Driving can rattle the spine. Any trip to Mali – on the far north-western tip – always makes me think of Eugenia, who works for the local notary, and a journey she made there from Chora in a family car in the mid-1980s, when she was little. The long juddering path down sheer cliffs, the skudding tyres, the uninhabitable marble mines, the land dropping lower and lower with yet no life in sight – until it was night, and the village. And then being carried from the car, down its few white streets, with the people holding oil lamps (there was no electricity in Mali until a year or so ago) to a house just five paces from the water. The sound of tide beating on the green marble of the seabed, fitful but constant. She had looked up at her father and whispered, ‘Am I dreaming?’
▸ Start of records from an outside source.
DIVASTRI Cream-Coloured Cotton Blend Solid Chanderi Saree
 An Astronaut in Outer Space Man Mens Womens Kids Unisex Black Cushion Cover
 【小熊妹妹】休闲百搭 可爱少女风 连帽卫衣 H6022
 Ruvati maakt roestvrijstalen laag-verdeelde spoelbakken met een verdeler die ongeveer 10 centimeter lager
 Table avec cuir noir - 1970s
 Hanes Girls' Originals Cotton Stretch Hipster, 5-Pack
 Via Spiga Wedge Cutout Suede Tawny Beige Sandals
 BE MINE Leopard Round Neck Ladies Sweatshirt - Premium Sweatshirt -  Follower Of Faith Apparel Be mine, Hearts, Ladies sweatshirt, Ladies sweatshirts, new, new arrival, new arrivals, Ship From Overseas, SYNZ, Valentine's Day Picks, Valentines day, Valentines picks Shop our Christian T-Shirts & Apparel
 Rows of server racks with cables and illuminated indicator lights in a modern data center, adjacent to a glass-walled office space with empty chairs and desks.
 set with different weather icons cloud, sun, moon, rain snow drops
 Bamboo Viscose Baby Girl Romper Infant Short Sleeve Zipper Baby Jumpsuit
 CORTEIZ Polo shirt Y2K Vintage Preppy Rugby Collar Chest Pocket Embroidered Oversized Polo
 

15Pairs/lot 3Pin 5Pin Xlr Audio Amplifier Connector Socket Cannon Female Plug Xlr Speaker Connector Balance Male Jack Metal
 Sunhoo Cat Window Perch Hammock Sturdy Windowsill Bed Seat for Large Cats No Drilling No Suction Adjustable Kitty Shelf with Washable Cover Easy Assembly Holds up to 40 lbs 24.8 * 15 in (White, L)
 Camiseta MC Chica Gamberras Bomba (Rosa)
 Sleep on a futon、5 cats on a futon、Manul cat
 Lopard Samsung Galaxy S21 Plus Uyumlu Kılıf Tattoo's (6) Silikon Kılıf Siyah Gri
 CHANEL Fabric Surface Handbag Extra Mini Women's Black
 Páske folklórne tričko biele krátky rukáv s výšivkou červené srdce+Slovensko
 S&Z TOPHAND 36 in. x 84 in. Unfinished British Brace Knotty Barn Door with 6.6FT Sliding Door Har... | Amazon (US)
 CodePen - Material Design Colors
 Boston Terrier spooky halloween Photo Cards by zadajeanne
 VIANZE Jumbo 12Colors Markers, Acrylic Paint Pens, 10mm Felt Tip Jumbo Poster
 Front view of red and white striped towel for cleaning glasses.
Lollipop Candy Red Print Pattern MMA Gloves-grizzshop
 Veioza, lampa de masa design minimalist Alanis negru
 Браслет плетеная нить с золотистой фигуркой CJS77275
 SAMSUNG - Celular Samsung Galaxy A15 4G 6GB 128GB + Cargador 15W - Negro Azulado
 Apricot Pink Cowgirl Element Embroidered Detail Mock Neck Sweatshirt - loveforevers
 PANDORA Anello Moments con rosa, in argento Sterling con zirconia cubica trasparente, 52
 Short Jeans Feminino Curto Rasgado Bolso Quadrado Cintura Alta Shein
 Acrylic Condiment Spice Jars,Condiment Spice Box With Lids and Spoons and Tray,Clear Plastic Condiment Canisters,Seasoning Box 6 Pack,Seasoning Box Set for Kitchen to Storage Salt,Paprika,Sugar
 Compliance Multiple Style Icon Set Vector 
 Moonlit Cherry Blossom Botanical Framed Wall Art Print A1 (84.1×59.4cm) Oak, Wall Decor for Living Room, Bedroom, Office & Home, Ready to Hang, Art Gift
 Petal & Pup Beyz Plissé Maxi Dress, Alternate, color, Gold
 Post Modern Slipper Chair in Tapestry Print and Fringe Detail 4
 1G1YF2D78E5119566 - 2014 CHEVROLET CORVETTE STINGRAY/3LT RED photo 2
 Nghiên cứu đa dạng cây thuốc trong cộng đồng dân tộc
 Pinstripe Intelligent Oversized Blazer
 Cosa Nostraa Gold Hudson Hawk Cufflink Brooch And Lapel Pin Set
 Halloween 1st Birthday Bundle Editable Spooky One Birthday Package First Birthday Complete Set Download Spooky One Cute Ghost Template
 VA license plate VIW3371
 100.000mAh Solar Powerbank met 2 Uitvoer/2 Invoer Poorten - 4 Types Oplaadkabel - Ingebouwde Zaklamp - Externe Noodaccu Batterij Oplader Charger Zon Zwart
Tinos seems to inspire stories of dreams. Maybe it’s the proximity to other islands at night, part shadow and hints of things, part glowing smudges. When I meet Heidi and Andrea one Sunday in autumn for dinner in the port, the Tinian wind brings the dusk streaming wildly past the open restaurant doors, a wind so alive and on the move it’s almost visible, whipping in lines and fronds between the elegant wrought-iron Victorian street lamps. They both laugh and drink shots of ouzo, faces very alive, hair cropped – one golden, the other silver – like Jean Seberg, or emperors in a Byzantine mosaic. ‘So, when you first arrived, you were a hippie…’ I begin to say – and Heidi looks rueful. ‘No! I just wanted to be free.’ Not all lovers of freedom are bohemians. ‘Oh, God!’ cries Andrea, of their first summers on the island and the intent, luxurious brilliance of the night sky. ‘The heat and the STARS. We dragged our mattresses outside. In the village of Triantaros they called us “the people who sleep on roofs”.’